## Stored data entries
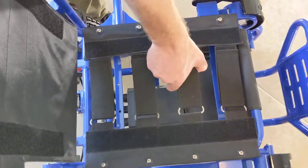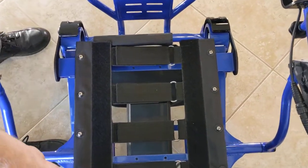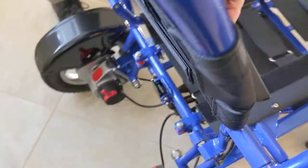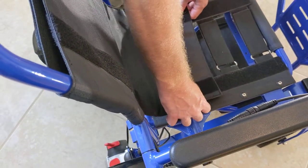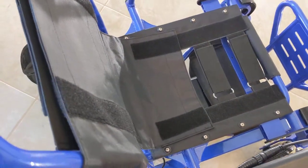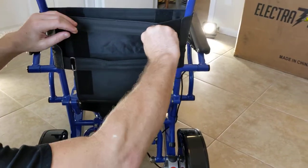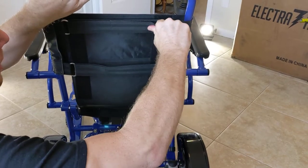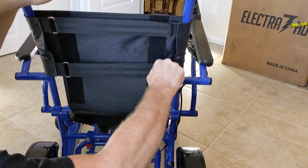A lot of people don't understand that the harness gives you a lot of flexibility to make the seat very firm or very soft. The back of the seat has a flap that's folded underneath the chair, and you have space in between the frame. This is designed to be unfolded to give you the level of lumbar support that you feel more comfortable with.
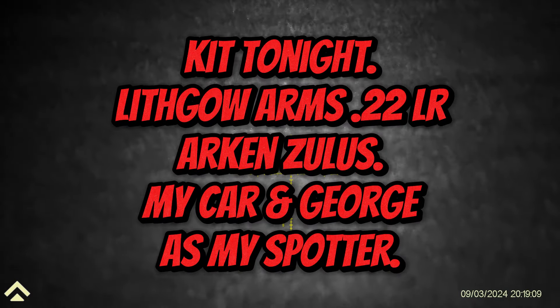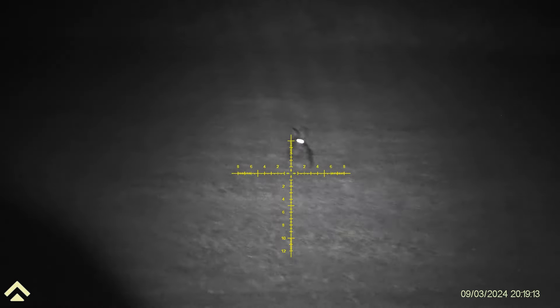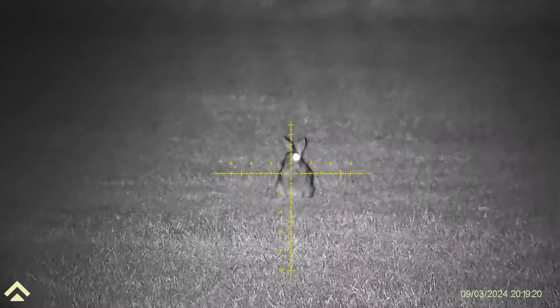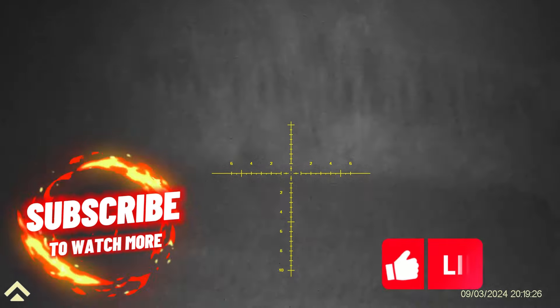Now there's the kit I'm using. I'm calling it the Arken Zulus. They've changed their name now to DNT, but this is the Zulus. It's the LRF model with the built-in illuminator, which to be honest is absolutely brilliant and more than adequate for this sort of stuff. Look at that for picture quality — widescreen, nice and bright. That's just exactly what you want.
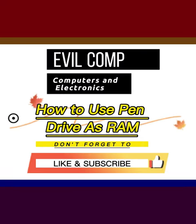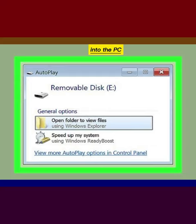How to use a pen drive as RAM. Insert your blank USB flash drive into the PC.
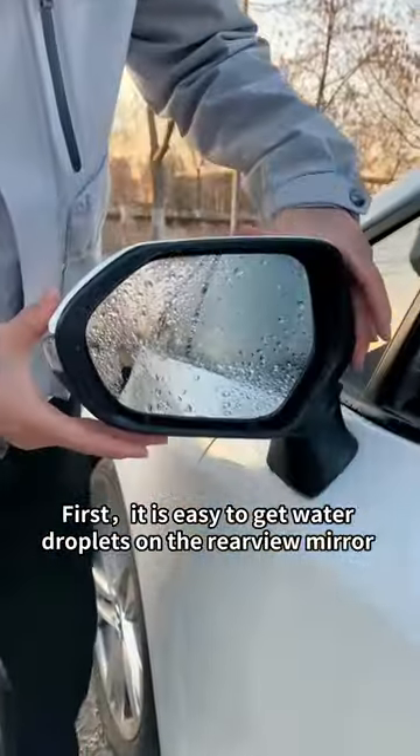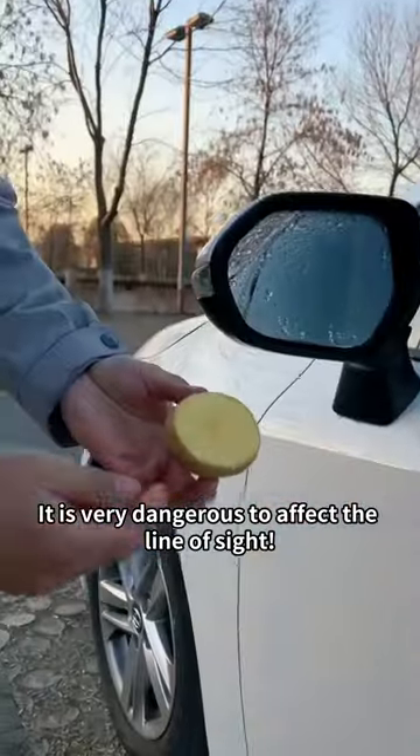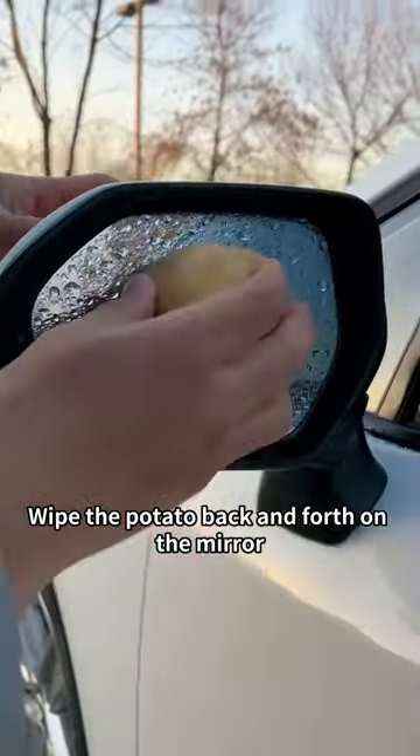First, it is easy to get water droplets on the rearview mirror when driving in rainy days. It is very dangerous to affect the line of sight. Wipe the potato back and forth on the mirror and the problem is solved.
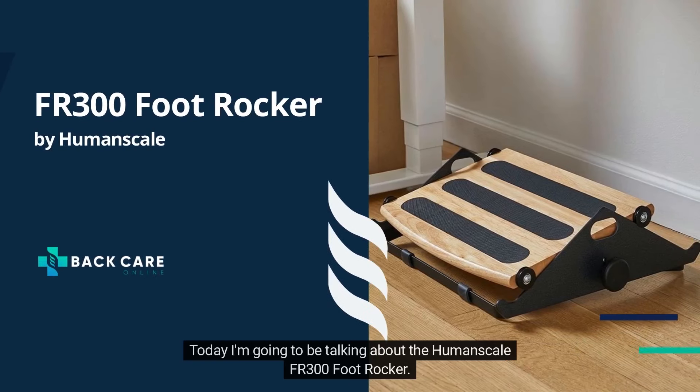Welcome to Batcare Online. Today I'm going to be talking about the Human Scale FR300 foot rocker.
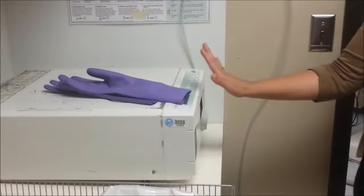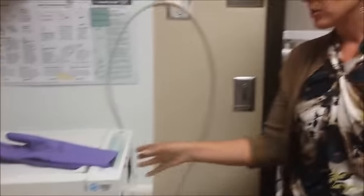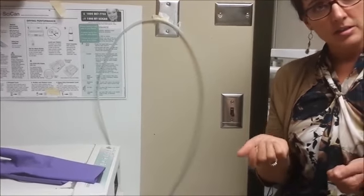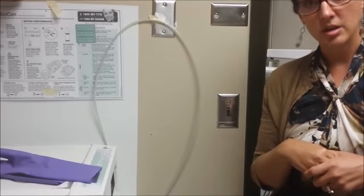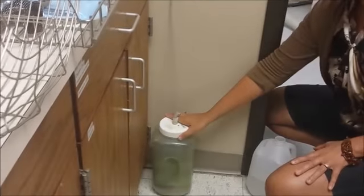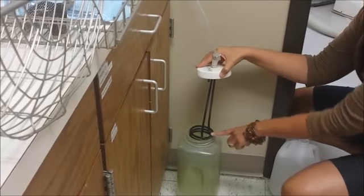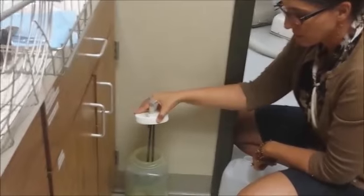Safety hazards for the Statim: the autoclave uses really high heat, so when you're taking out the cassette and opening it, be aware that there could be some steam released. The contents within the Statim might also be very hot to the touch, so be careful not to burn yourself. When emptying or refilling the waste bottle, the heating element and the water inside can be very hot — so again, be careful with the hot temperatures.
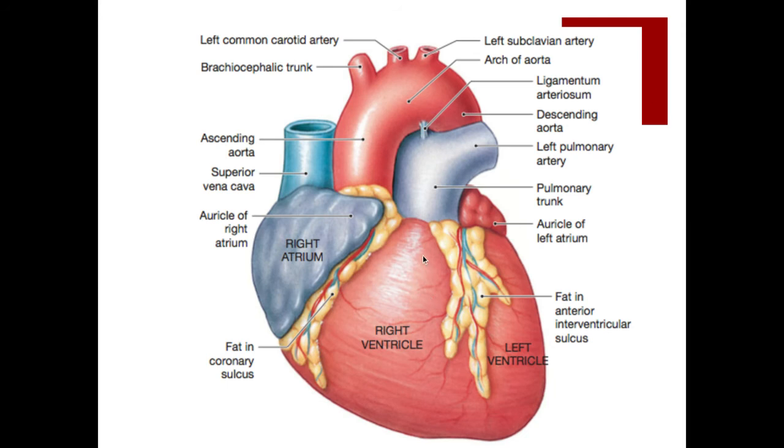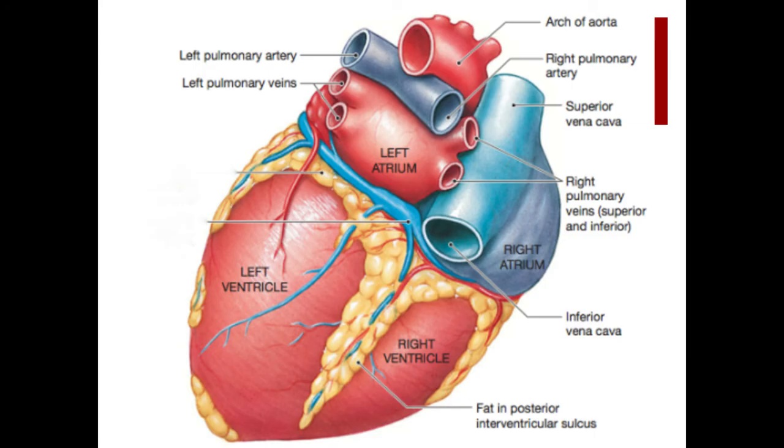Looking at this anterior view of the heart, we have our coronary sulcus right here between the ventricles and atria — we can see it's filled with fat and blood vessels. Over here, in between the two ventricles, we have our anterior interventricular sulcus. Now looking at a posterior view, we have the posterior interventricular sulcus, and we also see a little bit of the inferior vena cava as it's returning to the right atrium.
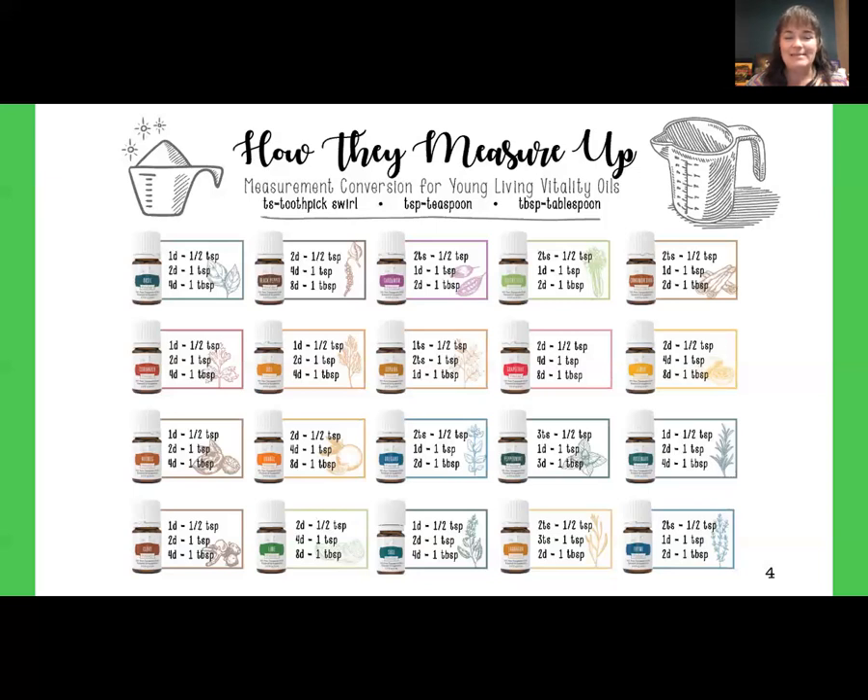Let's say you are making a dish and the recipe calls for one tablespoon of rosemary. You could run to the store and pay for the dried stuff, or grab fresh rosemary, probably pay even more, only use what you need, and end up throwing out the rest because it turned brown. The best and most affordable option: have a well-stocked oil cabinet and grab your Rosemary Vitality instead — spending only 32 cents and giving your dish a fresher, more robust flavor profile. You can keep using that same bottle for 25 more dishes.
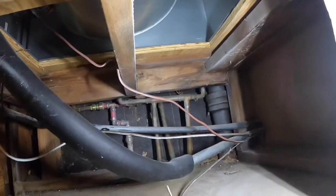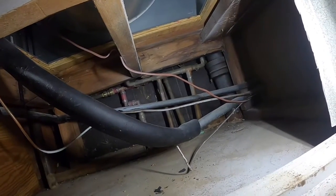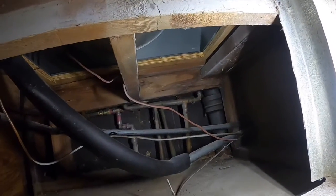Can you see that my return is not sealed and it's sucking in attic air from elsewhere? So my job today is to seal the return.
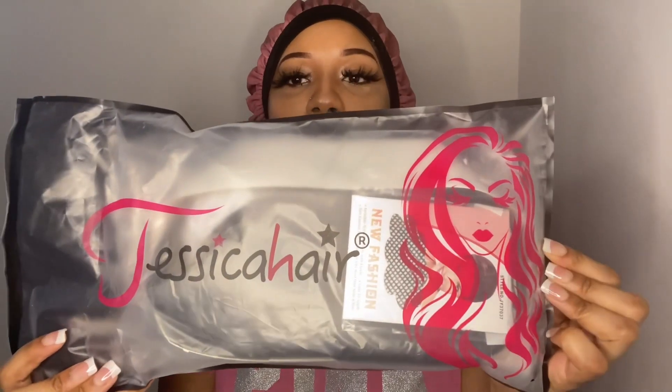The hair that I got today is from Jessica Hair. This is the package it came in, besides the Amazon box of course. They have great customer service, and the hair didn't take long to come at all. There were no problems with my transactions — it was really good.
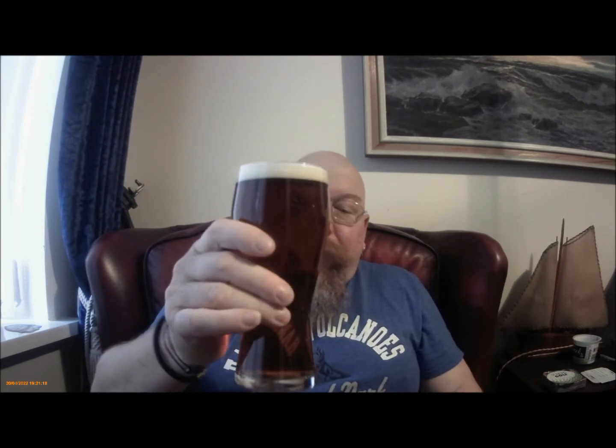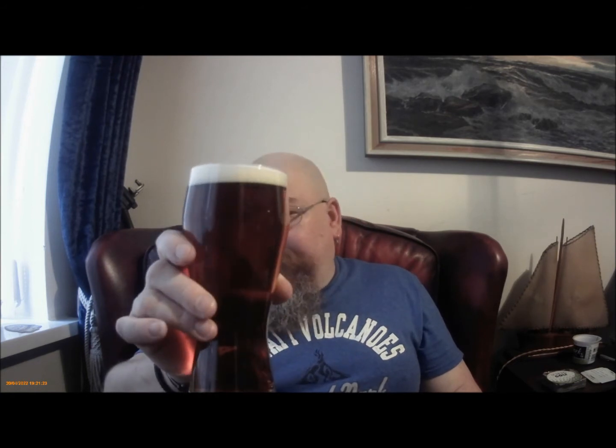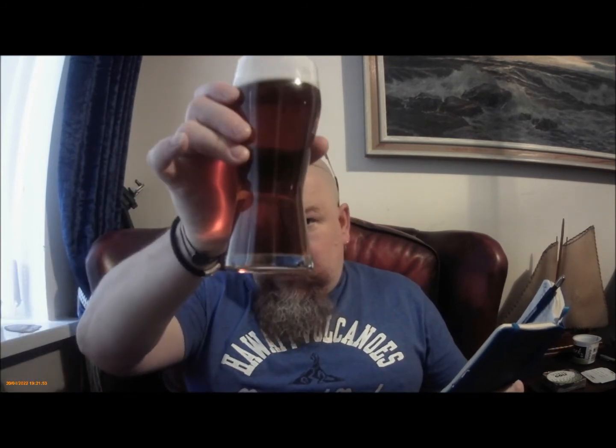Hey everybody, here we are again, and it's a Woodruff's Wherry. It's not in the taste test glass - it should be - but we are here to talk about it. Quick sip. Very nice. I do Wherrys all the time, but this one, following on from the dodgy white powders video, this is the Wherry that I had in the video, but I didn't really do the taste test on it.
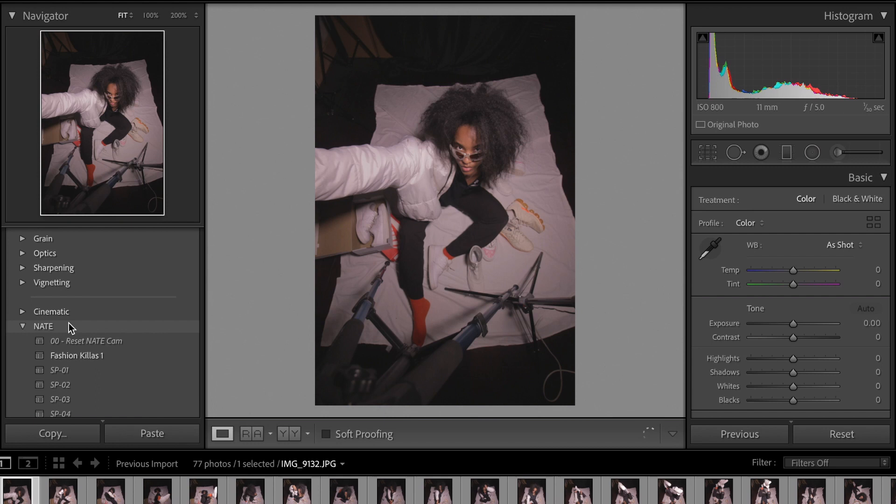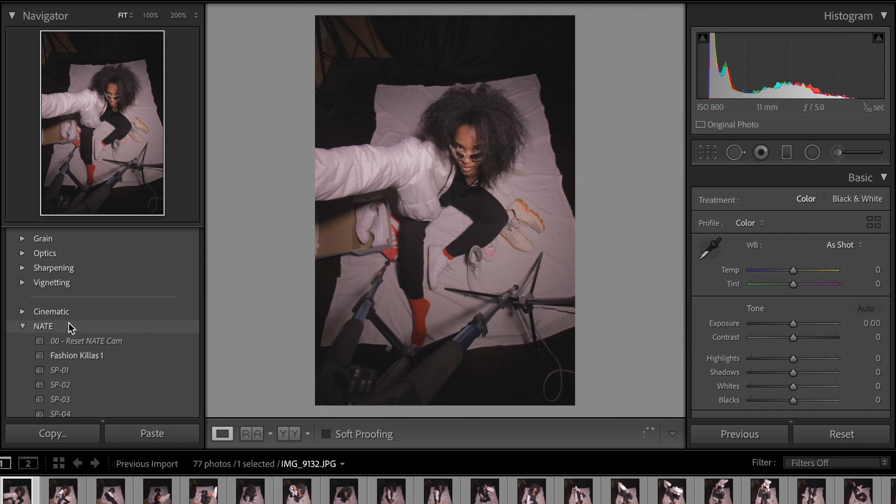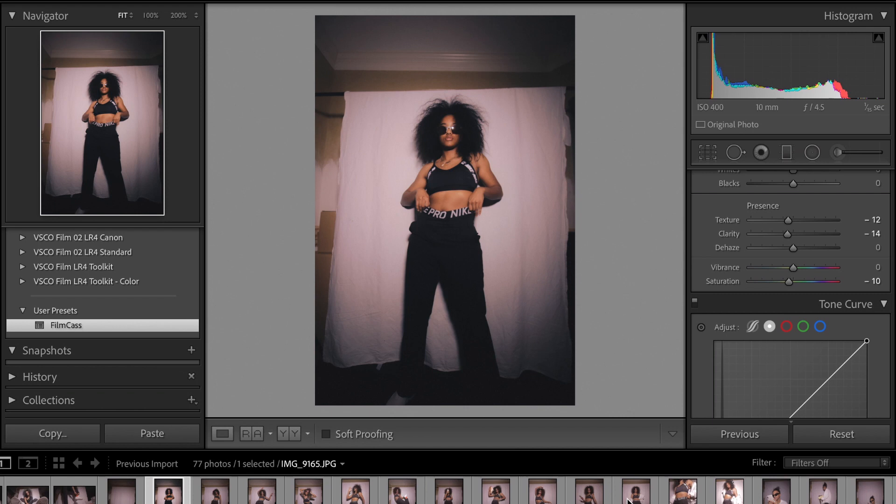For both of these shoots, I used my self-timer on my camera and the Canon Connect app in order to shoot. I have a video all about how I shoot on self-timer as well as how I edit my photos, if you guys want to see how I edited those photos. For both shoots, as I mentioned, I used a single LED light.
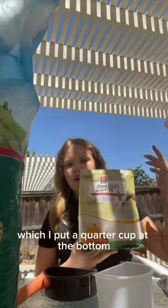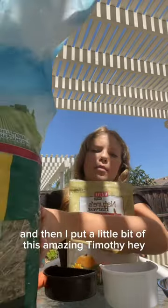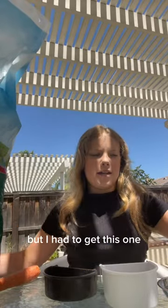So I got their black and white food bowl, which I put a quarter cup at the bottom. And then I put a little bit of this amazing timothy hay in the middle and then I put another quarter cup. But I had to get this one so I'll show you guys what it looks like at the end.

## Required action
Exact repeat, pictures omitted: give every line from the top of the records down to and including the line with "Safety hazards for".

## Problem solution
A lot of people don't understand that the harness gives you a lot of flexibility to make the seat very firm or very soft. The back of the seat has a flap that's folded underneath the chair, and you have space in between the frame. This is designed to be unfolded to give you the level of lumbar support that you feel more comfortable with.
Now there's the kit I'm using. I'm calling it the Arken Zulus. They've changed their name now to DNT, but this is the Zulus. It's the LRF model with the built-in illuminator, which to be honest is absolutely brilliant and more than adequate for this sort of stuff. Look at that for picture quality — widescreen, nice and bright. That's just exactly what you want.
How to use a pen drive as RAM. Insert your blank USB flash drive into the PC.
First, it is easy to get water droplets on the rearview mirror when driving in rainy days. It is very dangerous to affect the line of sight. Wipe the potato back and forth on the mirror and the problem is solved.
Welcome to Batcare Online. Today I'm going to be talking about the Human Scale FR300 foot rocker.
Safety hazards for the Statim: the autoclave uses really high heat, so when you're taking out the cassette and opening it, be aware that there could be some steam released. The contents within the Statim might also be very hot to the touch, so be careful not to burn yourself. When emptying or refilling the waste bottle, the heating element and the water inside can be very hot — so again, be careful with the hot temperatures.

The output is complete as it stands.